Nigel Fisher O.Ont, M.S.C., LL.D., was appointed in July 2010 by United Nations Secretary-General Ban Ki-moon as his Deputy Special Representative for the United Nations Stabilization Mission in Haiti (MINUSTAH) at the rank of Assistant Secretary-General; he is also Resident Coordinator and Humanitarian Coordinator for the UN system agencies in Haiti. Mr. Fisher had just previously completed an assignment as Senior United Nations System Representative to the Post-Disaster Needs Assessment in Haiti following the tragic earthquake of 12 January 2010. Before returning to the United Nations, Nigel Fisher was President and CEO of UNICEF Canada.

Dr. Fisher has worked for three decades with the United Nations in a dozen countries, with UNICEF for over two decades in Asia, Africa, and the Middle East, with the Department of Peacekeeping – first in Afghanistan after the fall of the Taliban and currently in Haiti, and as Executive Director of the United Nations Office of Project Services, at the rank of Assistant Secretary-General.

His UN career has predominantly been in conflict- and crisis-affected countries: besides Afghanistan and Haiti, he was UNICEF’s special representative for Rwanda and the Great Lakes region of Central Africa, in the immediate aftermath of the Rwandan genocide.
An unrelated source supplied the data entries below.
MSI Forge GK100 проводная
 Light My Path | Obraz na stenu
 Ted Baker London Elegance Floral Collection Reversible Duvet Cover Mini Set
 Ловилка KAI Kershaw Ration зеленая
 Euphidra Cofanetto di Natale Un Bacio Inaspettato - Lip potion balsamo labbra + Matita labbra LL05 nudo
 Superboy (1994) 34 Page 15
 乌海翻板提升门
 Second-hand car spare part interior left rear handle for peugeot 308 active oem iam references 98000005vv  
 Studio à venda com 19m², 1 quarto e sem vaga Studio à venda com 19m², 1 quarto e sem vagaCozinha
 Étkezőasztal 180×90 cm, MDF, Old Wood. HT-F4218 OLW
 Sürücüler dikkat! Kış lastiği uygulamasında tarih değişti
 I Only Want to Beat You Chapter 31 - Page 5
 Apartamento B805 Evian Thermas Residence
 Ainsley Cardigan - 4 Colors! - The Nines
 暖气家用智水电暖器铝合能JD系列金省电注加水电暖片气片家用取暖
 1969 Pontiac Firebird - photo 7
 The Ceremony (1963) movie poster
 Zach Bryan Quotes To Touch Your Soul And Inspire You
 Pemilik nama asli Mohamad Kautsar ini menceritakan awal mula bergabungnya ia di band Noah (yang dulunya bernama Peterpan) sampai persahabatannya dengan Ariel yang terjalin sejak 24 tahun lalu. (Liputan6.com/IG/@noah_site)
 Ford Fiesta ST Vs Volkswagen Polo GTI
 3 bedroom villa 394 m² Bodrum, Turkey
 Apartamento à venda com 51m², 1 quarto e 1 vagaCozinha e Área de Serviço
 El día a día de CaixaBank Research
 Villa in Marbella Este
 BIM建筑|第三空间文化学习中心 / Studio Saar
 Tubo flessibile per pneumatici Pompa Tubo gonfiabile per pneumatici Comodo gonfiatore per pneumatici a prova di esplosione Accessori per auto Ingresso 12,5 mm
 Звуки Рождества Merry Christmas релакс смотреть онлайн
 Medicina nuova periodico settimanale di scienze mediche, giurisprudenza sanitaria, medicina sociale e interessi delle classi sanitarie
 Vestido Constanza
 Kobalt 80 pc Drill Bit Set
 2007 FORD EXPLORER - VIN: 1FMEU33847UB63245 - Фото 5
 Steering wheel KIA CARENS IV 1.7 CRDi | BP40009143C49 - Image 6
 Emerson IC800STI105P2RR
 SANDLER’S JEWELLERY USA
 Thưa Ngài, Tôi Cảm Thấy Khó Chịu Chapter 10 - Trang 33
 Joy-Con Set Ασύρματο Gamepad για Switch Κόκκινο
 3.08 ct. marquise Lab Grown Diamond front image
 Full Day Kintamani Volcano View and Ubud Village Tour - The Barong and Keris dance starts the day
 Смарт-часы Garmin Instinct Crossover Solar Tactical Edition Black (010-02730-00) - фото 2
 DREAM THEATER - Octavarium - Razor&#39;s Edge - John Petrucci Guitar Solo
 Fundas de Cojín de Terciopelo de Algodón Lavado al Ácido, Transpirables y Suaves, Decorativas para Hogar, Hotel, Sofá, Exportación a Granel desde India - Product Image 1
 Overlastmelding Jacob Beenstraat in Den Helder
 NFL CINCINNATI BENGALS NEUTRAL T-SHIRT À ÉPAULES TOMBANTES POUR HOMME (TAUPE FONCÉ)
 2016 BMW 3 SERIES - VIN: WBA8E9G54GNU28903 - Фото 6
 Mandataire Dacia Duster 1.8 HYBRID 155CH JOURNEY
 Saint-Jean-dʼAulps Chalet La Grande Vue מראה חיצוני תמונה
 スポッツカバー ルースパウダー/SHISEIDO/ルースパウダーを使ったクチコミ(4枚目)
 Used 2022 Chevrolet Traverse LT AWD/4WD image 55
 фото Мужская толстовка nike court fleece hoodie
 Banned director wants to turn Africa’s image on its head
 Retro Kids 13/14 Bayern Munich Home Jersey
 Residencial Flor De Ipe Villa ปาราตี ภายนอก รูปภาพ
He led UNICEF’s response to the first Gulf War in the Middle East in the early 1990s, moving to northern Iraq after the Gulf War to re-start UNICEF operations there. He has also been UNICEF’s Director of Emergency Operations and Regional Director for South Asia.

In addition, he was Deputy Executive Secretary of the UN’s World Conference on Education for All and in 1998 acted as an adviser to Canada’s Foreign Minister on the issue of children and armed conflict in Canada’s foreign policy. He has published on issues of trauma recovery, children in armed conflict and basic education.

A Canadian national, he is married and has two daughters.